Image & Video

Flow matching with optimized priors boosts rare disease image augmentation

New method re-centers generative paths to fix tail-class bias in medical imaging

Deep Dive

A new paper from Felix Nützel, Mischa Dombrowski, and Bernhard Kainz tackles a critical problem in medical AI: rare diseases are severely underrepresented in training datasets, causing classifiers to fail precisely when detection matters most.
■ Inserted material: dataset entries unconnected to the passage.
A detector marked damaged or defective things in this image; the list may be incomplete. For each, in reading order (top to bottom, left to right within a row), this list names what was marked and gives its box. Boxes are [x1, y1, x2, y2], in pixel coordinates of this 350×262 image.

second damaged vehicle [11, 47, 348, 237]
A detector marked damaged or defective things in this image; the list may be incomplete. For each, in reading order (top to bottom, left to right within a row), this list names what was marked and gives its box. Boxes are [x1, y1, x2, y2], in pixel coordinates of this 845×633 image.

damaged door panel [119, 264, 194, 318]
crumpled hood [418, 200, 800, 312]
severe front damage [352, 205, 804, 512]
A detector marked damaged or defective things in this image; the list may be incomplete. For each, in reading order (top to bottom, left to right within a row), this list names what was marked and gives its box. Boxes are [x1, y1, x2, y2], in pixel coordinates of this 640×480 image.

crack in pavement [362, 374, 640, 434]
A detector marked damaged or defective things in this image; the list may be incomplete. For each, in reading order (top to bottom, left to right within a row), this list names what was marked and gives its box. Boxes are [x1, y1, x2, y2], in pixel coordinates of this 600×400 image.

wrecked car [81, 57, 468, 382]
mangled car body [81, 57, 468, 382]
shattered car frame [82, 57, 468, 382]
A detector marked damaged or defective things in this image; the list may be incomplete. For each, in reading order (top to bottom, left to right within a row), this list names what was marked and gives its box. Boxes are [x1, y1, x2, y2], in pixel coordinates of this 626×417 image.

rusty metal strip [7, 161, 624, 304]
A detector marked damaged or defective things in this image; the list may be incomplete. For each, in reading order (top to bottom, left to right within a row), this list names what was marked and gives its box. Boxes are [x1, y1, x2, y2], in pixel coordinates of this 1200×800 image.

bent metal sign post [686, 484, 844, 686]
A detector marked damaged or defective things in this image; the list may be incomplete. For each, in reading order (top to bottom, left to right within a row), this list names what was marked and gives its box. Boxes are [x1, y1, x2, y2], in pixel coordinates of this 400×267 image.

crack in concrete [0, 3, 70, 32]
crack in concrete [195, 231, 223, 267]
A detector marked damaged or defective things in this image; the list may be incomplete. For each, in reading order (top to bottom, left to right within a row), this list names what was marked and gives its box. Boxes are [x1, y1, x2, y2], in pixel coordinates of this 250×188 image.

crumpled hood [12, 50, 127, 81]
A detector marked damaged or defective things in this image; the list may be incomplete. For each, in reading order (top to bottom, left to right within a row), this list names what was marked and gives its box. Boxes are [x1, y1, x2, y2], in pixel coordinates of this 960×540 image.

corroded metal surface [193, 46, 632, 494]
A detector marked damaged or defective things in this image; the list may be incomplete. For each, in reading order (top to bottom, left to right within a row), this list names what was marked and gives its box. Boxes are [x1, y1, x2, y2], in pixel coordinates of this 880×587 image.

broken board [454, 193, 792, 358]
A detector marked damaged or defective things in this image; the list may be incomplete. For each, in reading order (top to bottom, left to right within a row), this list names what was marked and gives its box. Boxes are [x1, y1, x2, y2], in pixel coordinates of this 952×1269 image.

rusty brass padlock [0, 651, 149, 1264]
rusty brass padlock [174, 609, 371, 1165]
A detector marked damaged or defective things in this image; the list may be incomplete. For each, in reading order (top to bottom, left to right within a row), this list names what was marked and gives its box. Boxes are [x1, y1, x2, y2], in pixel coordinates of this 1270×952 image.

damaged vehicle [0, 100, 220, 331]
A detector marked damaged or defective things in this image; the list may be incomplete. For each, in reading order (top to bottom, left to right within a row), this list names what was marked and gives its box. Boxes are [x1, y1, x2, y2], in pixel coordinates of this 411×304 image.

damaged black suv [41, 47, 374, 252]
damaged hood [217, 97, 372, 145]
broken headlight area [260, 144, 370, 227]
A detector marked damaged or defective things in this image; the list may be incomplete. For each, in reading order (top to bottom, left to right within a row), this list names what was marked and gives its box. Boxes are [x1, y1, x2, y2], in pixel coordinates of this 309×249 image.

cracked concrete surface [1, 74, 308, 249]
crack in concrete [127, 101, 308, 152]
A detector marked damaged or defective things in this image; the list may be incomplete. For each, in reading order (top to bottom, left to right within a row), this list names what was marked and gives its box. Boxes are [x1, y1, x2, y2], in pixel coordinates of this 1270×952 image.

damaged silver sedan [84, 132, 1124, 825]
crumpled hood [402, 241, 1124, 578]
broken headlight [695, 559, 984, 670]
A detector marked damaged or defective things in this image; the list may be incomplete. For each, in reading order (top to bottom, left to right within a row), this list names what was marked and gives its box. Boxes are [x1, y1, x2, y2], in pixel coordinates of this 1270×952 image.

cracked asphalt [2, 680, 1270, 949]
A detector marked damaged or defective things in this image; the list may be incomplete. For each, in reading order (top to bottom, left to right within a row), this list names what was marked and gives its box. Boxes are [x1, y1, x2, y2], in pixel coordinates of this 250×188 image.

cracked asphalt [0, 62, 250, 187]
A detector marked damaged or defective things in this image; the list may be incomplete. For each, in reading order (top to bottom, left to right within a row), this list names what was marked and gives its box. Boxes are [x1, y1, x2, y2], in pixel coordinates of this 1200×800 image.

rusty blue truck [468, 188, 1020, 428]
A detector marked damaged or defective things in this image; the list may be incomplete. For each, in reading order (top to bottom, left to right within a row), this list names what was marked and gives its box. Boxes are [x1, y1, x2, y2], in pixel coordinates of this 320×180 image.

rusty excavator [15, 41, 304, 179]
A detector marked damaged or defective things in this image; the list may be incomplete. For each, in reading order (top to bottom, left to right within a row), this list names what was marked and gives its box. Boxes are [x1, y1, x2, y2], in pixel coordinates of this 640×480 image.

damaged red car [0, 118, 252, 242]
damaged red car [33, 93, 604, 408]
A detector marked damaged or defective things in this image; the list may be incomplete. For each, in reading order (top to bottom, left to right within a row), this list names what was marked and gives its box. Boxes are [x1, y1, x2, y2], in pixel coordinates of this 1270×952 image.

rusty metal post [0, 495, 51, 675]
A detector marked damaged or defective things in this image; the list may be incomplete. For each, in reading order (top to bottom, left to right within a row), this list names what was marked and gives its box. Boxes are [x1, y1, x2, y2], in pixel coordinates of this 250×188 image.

Standard generative augmentation techniques struggle because coarse disease labels aggregate diverse subtypes and acquisition settings into multi-modal conditionals, biasing generators toward dominant submodes. Meanwhile, a shared Gaussian source forces rare subpopulations through disproportionately long transport paths, degrading quality.

The authors propose Flow Matching with Optimized Subclass Priors (FMP), an offline strategy that introduces informative priors at two levels. First, they partition each coarse label into coherent submodes via Gaussian mixture modeling in the generative model's latent space. Second, they learn subclass-conditioned source distributions that re-center and re-scale the starting distribution per submode, shortening trajectories and reducing within-subclass dispersion. To prevent degenerate solutions, geometric control concentrates normalized displacement directions around learnable prototypes while capping path-length outliers. On long-tailed chest X-ray (MIMIC-LT, NIH-LT) and CT slice (CT-RATE) benchmarks, FMP consistently improves tail-class generation fidelity (FID, IRS) and downstream balanced accuracy and macro-F1 across modalities, offering a practical pipeline for rare-disease augmentation.

Key Points
  • Partitions coarse disease labels into Gaussian submodes in latent space to reduce multi-modal conditioning bias
  • Learns subclass-conditioned source distributions that shorten transport paths for rare subpopulations
  • Achieves +5–15% balanced accuracy improvement on long-tailed chest X-ray and CT benchmarks

Why It Matters

Enables more reliable AI diagnosis for rare diseases by generating high-fidelity synthetic examples where real data is scarce.